● Exercise brief: Below are several entries. Transcribe exactly those lines that fall from the one with "Woman holding beagle dog" through the one with "Dinosaurier-Kopf oder Schädel", end lines included.

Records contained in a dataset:
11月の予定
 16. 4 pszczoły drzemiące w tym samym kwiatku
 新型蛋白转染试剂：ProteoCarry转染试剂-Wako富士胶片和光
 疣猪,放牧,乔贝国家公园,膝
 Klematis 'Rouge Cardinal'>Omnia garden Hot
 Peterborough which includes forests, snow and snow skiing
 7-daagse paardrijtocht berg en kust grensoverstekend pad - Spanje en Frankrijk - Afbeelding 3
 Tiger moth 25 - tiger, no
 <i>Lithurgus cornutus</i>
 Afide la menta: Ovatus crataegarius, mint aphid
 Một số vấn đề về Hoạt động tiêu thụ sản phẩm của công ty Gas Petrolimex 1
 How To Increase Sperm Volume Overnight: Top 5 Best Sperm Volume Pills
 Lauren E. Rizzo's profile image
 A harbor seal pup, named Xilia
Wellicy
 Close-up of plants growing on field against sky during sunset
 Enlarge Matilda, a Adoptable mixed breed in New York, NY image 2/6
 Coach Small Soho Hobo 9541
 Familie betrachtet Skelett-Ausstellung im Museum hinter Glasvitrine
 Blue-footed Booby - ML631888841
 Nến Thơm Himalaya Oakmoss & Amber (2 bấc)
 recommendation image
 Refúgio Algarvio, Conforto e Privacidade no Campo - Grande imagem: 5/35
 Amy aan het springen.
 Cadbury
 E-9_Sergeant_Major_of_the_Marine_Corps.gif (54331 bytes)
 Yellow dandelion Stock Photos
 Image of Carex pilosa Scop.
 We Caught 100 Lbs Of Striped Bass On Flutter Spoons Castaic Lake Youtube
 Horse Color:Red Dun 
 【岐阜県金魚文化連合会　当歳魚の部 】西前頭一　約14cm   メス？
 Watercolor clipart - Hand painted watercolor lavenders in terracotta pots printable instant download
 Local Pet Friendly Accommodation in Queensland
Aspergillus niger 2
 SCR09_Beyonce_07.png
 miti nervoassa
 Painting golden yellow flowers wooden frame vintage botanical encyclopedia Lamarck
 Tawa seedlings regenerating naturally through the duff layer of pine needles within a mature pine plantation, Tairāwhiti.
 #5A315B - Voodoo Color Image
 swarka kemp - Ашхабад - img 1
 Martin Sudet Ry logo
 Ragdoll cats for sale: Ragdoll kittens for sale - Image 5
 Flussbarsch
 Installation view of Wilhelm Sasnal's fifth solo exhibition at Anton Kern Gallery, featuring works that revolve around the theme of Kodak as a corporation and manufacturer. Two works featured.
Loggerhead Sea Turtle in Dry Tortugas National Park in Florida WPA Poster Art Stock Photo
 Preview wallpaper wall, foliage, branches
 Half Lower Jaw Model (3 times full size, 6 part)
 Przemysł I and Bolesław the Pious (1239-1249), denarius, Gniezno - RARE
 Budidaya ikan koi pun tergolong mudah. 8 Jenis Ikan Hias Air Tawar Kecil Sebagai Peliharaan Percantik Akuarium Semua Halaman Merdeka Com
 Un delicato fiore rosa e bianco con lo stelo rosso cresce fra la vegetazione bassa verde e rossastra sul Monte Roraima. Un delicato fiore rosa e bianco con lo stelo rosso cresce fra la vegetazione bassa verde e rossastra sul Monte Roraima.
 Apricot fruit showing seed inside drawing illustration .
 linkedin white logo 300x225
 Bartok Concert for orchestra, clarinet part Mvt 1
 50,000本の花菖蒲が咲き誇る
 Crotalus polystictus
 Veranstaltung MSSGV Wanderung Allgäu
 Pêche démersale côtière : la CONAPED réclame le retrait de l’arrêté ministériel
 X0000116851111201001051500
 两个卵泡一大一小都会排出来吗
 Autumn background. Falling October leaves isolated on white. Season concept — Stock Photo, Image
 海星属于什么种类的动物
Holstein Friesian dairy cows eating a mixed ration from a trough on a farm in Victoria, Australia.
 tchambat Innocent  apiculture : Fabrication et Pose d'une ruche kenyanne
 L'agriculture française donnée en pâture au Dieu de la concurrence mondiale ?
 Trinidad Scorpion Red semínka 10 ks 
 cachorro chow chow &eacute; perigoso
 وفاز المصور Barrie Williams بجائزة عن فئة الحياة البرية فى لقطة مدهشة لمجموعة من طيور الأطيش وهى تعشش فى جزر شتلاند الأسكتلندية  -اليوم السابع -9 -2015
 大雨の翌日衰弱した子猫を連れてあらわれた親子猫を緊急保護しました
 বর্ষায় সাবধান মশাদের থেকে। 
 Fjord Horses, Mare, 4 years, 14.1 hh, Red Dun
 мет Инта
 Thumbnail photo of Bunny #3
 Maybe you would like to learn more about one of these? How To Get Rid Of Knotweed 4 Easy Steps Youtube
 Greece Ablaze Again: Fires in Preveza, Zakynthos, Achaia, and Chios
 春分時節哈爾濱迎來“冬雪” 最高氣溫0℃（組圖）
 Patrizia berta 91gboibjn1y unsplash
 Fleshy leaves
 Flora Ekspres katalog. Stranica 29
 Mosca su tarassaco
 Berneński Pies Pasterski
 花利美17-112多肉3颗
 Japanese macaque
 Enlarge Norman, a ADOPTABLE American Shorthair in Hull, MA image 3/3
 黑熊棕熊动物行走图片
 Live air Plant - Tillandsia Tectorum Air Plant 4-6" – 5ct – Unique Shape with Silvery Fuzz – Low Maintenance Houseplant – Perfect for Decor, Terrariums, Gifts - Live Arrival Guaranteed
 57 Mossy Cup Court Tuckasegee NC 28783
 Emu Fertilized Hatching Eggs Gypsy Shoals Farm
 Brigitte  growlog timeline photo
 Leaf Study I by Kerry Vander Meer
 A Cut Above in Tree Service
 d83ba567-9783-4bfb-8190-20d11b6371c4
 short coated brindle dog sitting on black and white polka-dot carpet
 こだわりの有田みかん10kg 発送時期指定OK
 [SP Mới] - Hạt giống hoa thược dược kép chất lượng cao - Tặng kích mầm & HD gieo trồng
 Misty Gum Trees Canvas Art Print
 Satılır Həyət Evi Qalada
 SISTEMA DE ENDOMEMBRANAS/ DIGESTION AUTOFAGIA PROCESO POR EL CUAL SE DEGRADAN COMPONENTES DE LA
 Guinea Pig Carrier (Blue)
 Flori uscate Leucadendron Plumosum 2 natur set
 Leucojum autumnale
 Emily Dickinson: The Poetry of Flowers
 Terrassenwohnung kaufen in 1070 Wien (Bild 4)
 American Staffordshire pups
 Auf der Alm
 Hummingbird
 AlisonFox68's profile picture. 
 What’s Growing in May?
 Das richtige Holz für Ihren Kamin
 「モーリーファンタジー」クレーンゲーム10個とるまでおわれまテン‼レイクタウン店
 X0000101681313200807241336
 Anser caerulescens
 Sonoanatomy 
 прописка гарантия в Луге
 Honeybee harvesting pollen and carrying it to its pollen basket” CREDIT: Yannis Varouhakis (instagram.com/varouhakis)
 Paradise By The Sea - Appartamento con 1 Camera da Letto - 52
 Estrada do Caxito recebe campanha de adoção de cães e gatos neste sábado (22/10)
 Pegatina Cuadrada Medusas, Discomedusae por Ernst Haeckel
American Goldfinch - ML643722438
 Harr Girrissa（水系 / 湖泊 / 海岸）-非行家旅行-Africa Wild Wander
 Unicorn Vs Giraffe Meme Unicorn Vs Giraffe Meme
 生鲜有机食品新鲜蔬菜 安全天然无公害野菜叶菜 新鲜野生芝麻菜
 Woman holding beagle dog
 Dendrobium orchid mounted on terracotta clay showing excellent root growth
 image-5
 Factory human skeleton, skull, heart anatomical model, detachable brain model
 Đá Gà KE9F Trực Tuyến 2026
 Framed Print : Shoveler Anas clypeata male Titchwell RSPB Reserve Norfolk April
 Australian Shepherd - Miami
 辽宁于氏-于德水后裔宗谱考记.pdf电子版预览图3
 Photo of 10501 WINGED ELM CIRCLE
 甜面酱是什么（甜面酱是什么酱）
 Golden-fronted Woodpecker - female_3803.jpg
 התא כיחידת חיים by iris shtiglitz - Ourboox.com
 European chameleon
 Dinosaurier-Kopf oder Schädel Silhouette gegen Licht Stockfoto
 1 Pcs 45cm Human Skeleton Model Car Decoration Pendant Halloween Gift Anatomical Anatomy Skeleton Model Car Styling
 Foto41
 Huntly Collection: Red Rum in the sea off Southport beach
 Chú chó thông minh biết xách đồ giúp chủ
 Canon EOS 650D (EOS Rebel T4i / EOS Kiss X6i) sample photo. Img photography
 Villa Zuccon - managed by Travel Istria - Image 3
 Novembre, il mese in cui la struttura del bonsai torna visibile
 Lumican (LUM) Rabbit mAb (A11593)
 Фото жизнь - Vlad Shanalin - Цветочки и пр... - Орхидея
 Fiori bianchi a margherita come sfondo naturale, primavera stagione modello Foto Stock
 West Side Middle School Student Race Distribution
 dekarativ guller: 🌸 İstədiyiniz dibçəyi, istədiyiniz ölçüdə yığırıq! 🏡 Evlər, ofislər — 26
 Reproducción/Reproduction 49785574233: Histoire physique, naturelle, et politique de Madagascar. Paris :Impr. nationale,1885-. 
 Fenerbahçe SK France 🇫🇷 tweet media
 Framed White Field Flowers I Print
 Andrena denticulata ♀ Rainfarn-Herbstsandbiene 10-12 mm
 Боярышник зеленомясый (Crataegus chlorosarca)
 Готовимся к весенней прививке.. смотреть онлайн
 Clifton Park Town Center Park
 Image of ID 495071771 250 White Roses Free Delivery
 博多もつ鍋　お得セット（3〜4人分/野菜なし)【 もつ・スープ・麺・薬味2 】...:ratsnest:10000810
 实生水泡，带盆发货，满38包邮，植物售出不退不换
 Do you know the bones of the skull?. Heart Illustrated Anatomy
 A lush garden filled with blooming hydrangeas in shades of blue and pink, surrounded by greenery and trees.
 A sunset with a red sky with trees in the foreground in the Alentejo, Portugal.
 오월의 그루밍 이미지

● Solution:
 Woman holding beagle dog
 Dendrobium orchid mounted on terracotta clay showing excellent root growth
 image-5
 Factory human skeleton, skull, heart anatomical model, detachable brain model
 Đá Gà KE9F Trực Tuyến 2026
 Framed Print : Shoveler Anas clypeata male Titchwell RSPB Reserve Norfolk April
 Australian Shepherd - Miami
 辽宁于氏-于德水后裔宗谱考记.pdf电子版预览图3
 Photo of 10501 WINGED ELM CIRCLE
 甜面酱是什么（甜面酱是什么酱）
 Golden-fronted Woodpecker - female_3803.jpg
 התא כיחידת חיים by iris shtiglitz - Ourboox.com
 European chameleon
 Dinosaurier-Kopf oder Schädel Silhouette gegen Licht Stockfoto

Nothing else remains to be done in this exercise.